El remitente, convencido de que las raíces del mal crecen muy pronto, solicita a los cuidadores y trabajadores sociales que «informen sobre las personas de cualquier edad que hayan podido ser radicalizadas o corren peligro de serlo».
Adoctrinamiento paterno
Cuando Arun Kundnani, portavoz del Instituto para las Relaciones Raciales, quiso comprobar la veracidad de la historia, llamó a la policía y esta, a su vez, se sorprendió de su asombro. Al agente con el que habló le parecía de lo más normal que las fuerzas antiterroristas supervisen a los críos. «Me dijo que no era solo él o su unidad la que lo estaba haciendo. Parece que se pide a los maestros que observen signos de radicalización», ha comentado Kundnani.
Los que justifican esa estrategia de vigilancia precoz recuerdan cómo un terrorista de la zona de Birmingham, Parviz Khan, fue filmado cuando adoctrinaba a su hijo utilizando antiguos métodos de las escuelas británicas, como el cachete o el regletazo. «¿A quién amas?», preguntaba Khan. «Amo al jeque Osama bin Laden», respondía el chico prudentemente.

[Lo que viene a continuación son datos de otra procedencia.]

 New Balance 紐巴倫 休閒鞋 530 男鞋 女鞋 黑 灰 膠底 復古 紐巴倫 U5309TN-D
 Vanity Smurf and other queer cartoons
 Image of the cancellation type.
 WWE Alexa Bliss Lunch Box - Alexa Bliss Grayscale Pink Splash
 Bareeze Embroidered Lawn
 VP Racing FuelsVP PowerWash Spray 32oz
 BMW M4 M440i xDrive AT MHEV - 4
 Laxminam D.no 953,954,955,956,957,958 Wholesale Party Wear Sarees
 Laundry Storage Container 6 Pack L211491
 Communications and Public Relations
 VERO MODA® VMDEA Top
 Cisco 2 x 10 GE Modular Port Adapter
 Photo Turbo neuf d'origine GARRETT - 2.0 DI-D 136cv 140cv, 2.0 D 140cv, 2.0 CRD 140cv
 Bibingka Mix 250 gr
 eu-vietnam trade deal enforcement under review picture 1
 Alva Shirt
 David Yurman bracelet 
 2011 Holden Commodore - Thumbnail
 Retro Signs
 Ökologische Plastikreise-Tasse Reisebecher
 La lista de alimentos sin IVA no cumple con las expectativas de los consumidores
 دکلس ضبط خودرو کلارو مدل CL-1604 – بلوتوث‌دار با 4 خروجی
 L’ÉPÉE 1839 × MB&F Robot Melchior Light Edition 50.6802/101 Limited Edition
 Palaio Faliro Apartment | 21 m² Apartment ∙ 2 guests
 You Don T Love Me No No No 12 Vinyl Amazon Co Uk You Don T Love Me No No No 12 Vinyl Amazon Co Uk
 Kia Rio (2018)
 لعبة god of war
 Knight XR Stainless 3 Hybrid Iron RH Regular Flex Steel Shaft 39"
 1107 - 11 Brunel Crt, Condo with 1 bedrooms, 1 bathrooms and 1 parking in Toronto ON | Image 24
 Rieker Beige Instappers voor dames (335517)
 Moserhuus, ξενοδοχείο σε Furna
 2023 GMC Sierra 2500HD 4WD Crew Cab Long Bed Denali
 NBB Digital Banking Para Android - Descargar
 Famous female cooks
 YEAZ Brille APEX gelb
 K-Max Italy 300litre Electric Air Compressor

Andy Hayman, uno de los antiguos jefes del Departamento de Operaciones Especiales de Scotland Yard, ha puesto el ejemplo de una niña de 20 meses, que en una manifestación en Londres llevaba un gorro de lana blanco con la leyenda: «Amo a al-Qaeda». Cuando su padre fue juzgado más tarde por varios delitos de terrorismo, el convicto proclamó ante el tribunal que su hija era «el miembro más joven» de la organización islamista. Los padres, ya se sabe, siempre quieren ser un ejemplo para sus vástagos.
La operación de vigilancia está dando frutos. Un chico de 7 años, sin ir más lejos, ha sido incluido en la lista de 228 personas identificadas como vulnerables al extremismo. ¿Está realmente justificada la vigilancia de guarderías por el peligro potencial de un lavado de los cerebros infantiles? «Es una pérdida absurda de tiempo», opina el diputado liberal Chris Huhne.
Y el absurdo no solo afecta a los niños. Todo el que lleve una cámara en la mano corre el riesgo de que le caiga encima la legislación antiterrorista y su famosa sección 44, que permite detener y registrar a cualquiera, en plena calle, sin necesidad de explicaciones.
Borrar fotos
Recientemente algunos turistas han pasado un mal rato cuando un policía les prohibió sacar fotos de lugares de Londres tan populares como Trafalgar Square, el palacio de Buckingham o Westminster. El austriaco Klaus Matzka vivió uno de estos incidentes en carne propia. En nombre de la prevención del terrorismo, un agente le obligó a borrar las fotos que había tomado de uno de los famosos autobuses rojos de dos pisos, mientras le pedía el pasaporte y la dirección del hotel.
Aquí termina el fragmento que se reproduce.